Incidentally, it was possibly while reading this paper that Velikovsky first came across the reference to Nils Adolf Erik Nordenskiöld with which he opens this section:

Nordenskiöld

What adds to its loneliness also, is the fact that even in summer nearly the whole extent of its coast is uninhabited by human beings. Nordenskiöld says that, in his voyage along the northern coast of Siberia in the Vega during the summer of 1878, he did not see a single human being on the shore, in the whole stretch from Yug or Schar (at the westernmost point of Siberia) to Cape Chelagskoi. (Whitley 36)

Whitley’s paper, The Ivory Islands in the Arctic Ocean, was read to the Philosophical Society of Great Britain on 7 December 1909. This society was founded in the wake of the publication of Charles Darwin’s On the Origin of Species. Like Whitley, many of the members of this society were not inimical to science, but laboured to show how the latest scientific discoveries were not inconsistent with Holy Scripture. Several of its members were prominent scientists. Most notable among these was, perhaps, George Stokes, who was president of the society’s Victoria Institute from 1886 until his death in 1903.

In his paper, Whitley pointed out that the remains of the mammoth and other species of megafauna were to be found all over Siberia. The abundance of these remains increased the further north one travelled, with the greatest abundance occurring in the vicinity of the New Siberian Islands in the Arctic Ocean:

... the soil of these desolate islands is absolutely packed full of the bones of elephants and rhinoceroses in such astonishing numbers, that no places in the whole world contain such quantities of elephants’ remains as do these icy islands in the Arctic Sea. (Whitley 36)

And these bones and tusks were not only found on dry land:

it is equally wonderful that the bed of the sea around the New Siberian Islands, seems to be covered with the tusks and teeth of elephants, which are being constantly washed up by the waves on the sandbanks round the shores of these islands. Nordenskiöld says that the making of new collections of mammoths’ tusks year by year in Liakoff’s Island, depends on their being washed out of the sandbanks, so that after an east wind, which has lasted some time, they may be collected at low water on the sandbanks, then laid dry. He also tells us, that when the Vega was sailing past Liakoff’s Island, the trawl-net brought up from the bottom some fragments of mammoths’ tusks, which confirmed the statements of the ivory hunters, and showed that there must be immense deposits of elephants’ bones, under the sea, at this place. (Whitley 51-52)

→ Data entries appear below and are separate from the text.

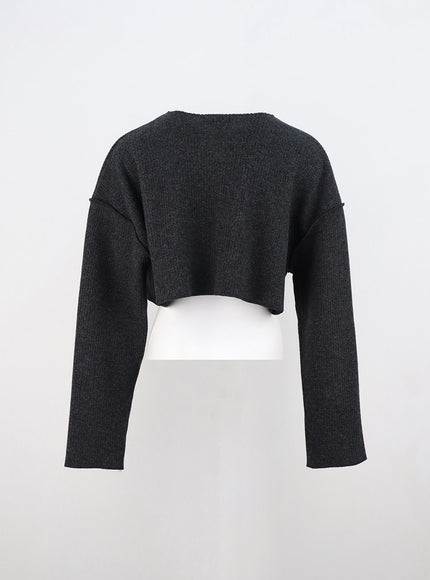 front-slit-long-sleeve-knit-top-on313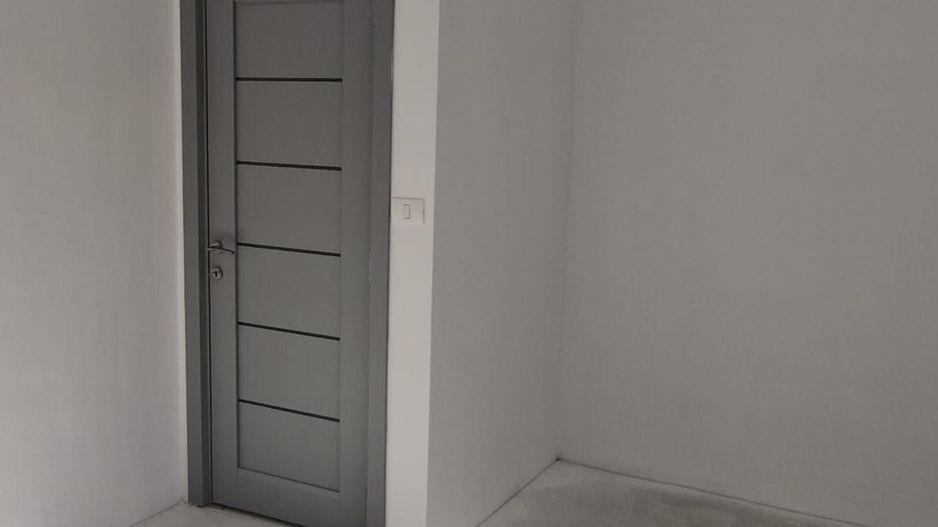 Casă / Vilă cu 4 camere de vânzare în Mosnita Noua - Poză 3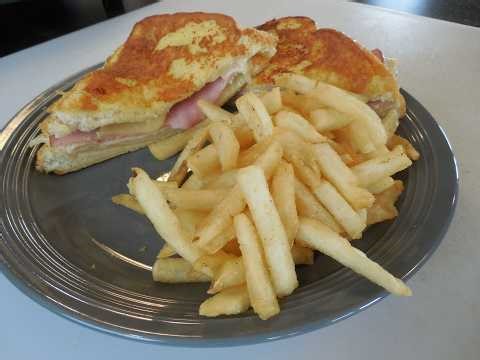 Monte Cristo Sandwiches With Fries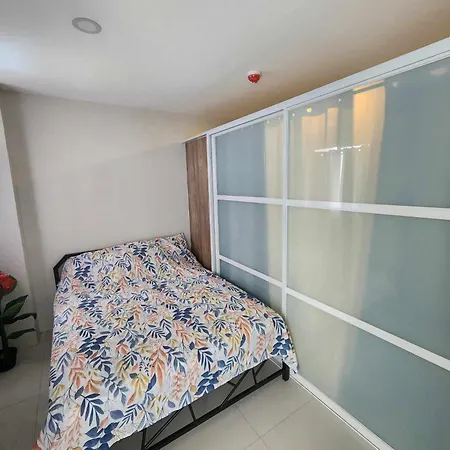 Jearl Cozy And Homey Penthouse With Balcony At Primeworld District Mactan Tower P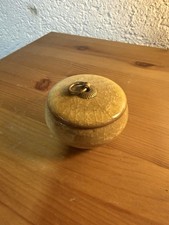 Kleine Keramikurne für Asche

Whitley’s final summation was appropriately catastrophist:

... formerly, and speaking geologically in recent times, the regions north of Siberia enjoyed a milder climate than they possess now ... At that time a great tract of country must have extended from the mouth of the Lena to the New Siberian Islands, and it stood at a considerable level above the sea, while the islands which now exist in the ocean in that region formed upland districts and mountain ranges. This ancient land was covered with forests, and was traversed by the great Siberian rivers. Vast herds of elephants, rhinoceroses, musk-oxen, and buffaloes roamed over the grassy plains and wandered amidst the forests, and for long they enjoyed a peaceful and secure home. A great catastrophe at last overtook them. The land in the extreme north of Siberia, sank beneath the waters of the Polar Sea. As the waters rose higher and higher, the animals crowded to the uplands for safety, and congregated in enormous numbers on the mountain tops. The land, however, continued to sink, and the waters rose higher and higher. The tops of the highest hills were at last submerged, and the destruction was complete. After a time the land began to rise slowly, and the New Siberian and Liakoff islands, which had formed mountains in the land, rose above the waters. As they had formed a last refuge of the animals when the land was submerged, they were naturally covered with the bones, teeth, and tusks of the animals which had been drowned upon them. Currents also, in the waters, swept the bones into various places, accumulating them here and there in large deposits. The climate also at this time underwent a great change, and altered from one of a mild and genial character to one of intense cold and Arctic severity. (Whitley 55-56)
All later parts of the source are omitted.